[Activity]
Exactly as written, output each of the lines below, with no images.

[Provided material]
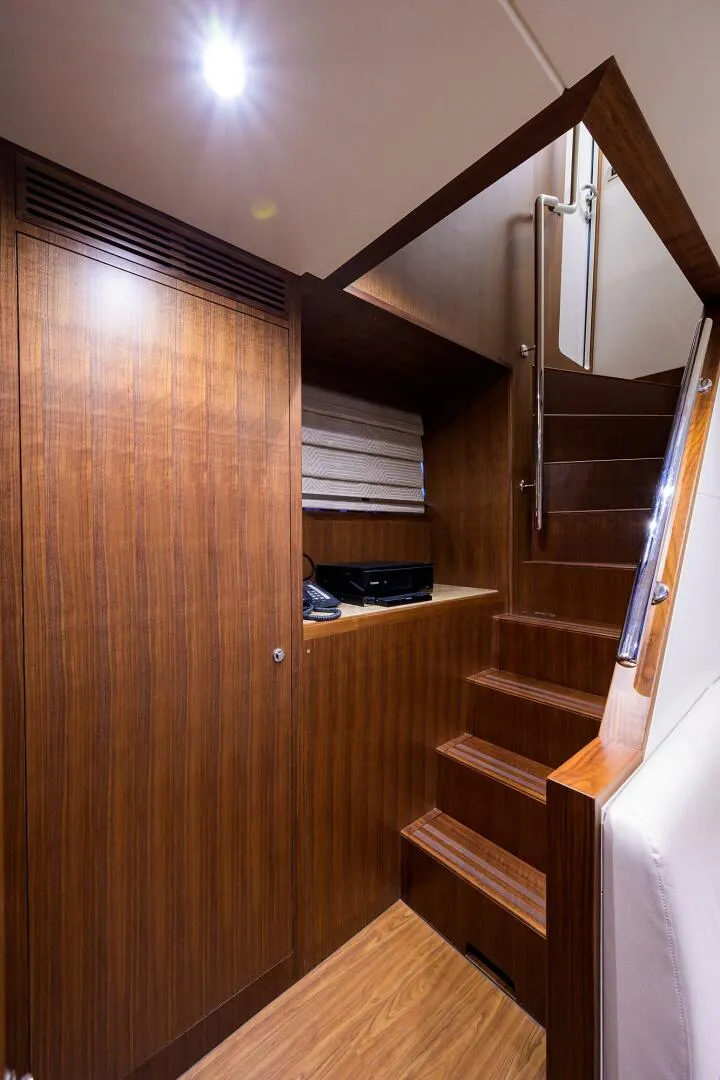 Slide: The Image of Ocean Alexander 100 Zephyr-Crew Quarters 2019 Ocean Alexander 100 Motor Yacht-Zephyr - 3930610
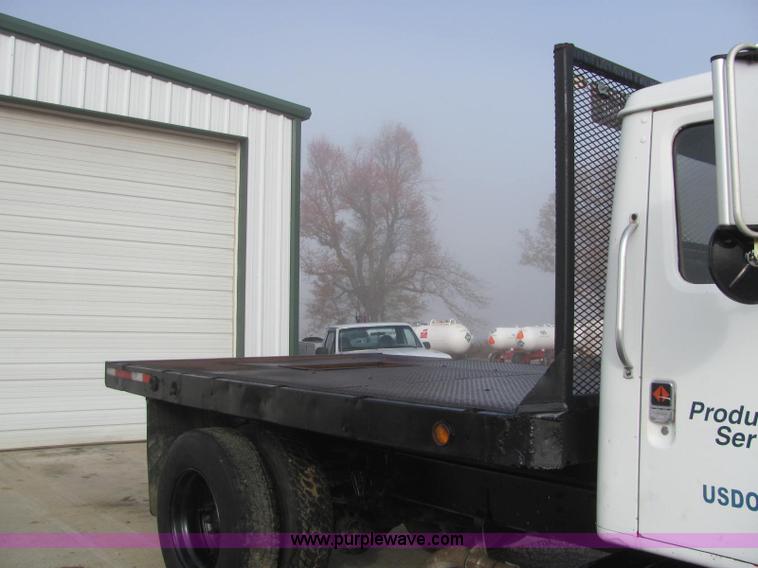 image for item C2962 1989 International 1754 flatbed truck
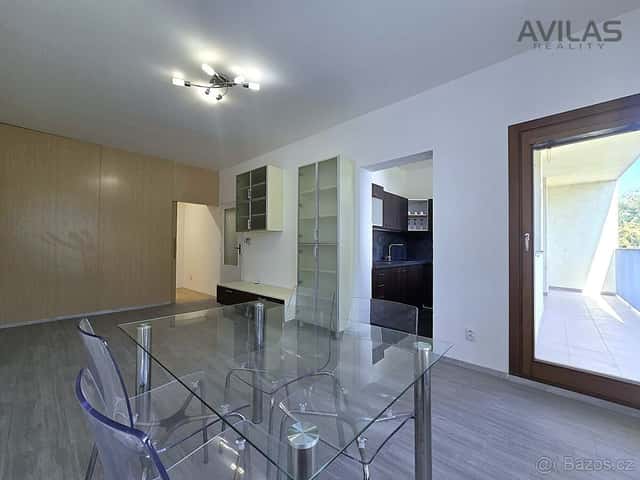 Pronájem bytu 3+kk 65 m2 v Týnci nad Sázavou, okres Benešov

[Problem solution]
 Slide: The Image of Ocean Alexander 100 Zephyr-Crew Quarters 2019 Ocean Alexander 100 Motor Yacht-Zephyr - 3930610
 image for item C2962 1989 International 1754 flatbed truck
 Pronájem bytu 3+kk 65 m2 v Týnci nad Sázavou, okres Benešov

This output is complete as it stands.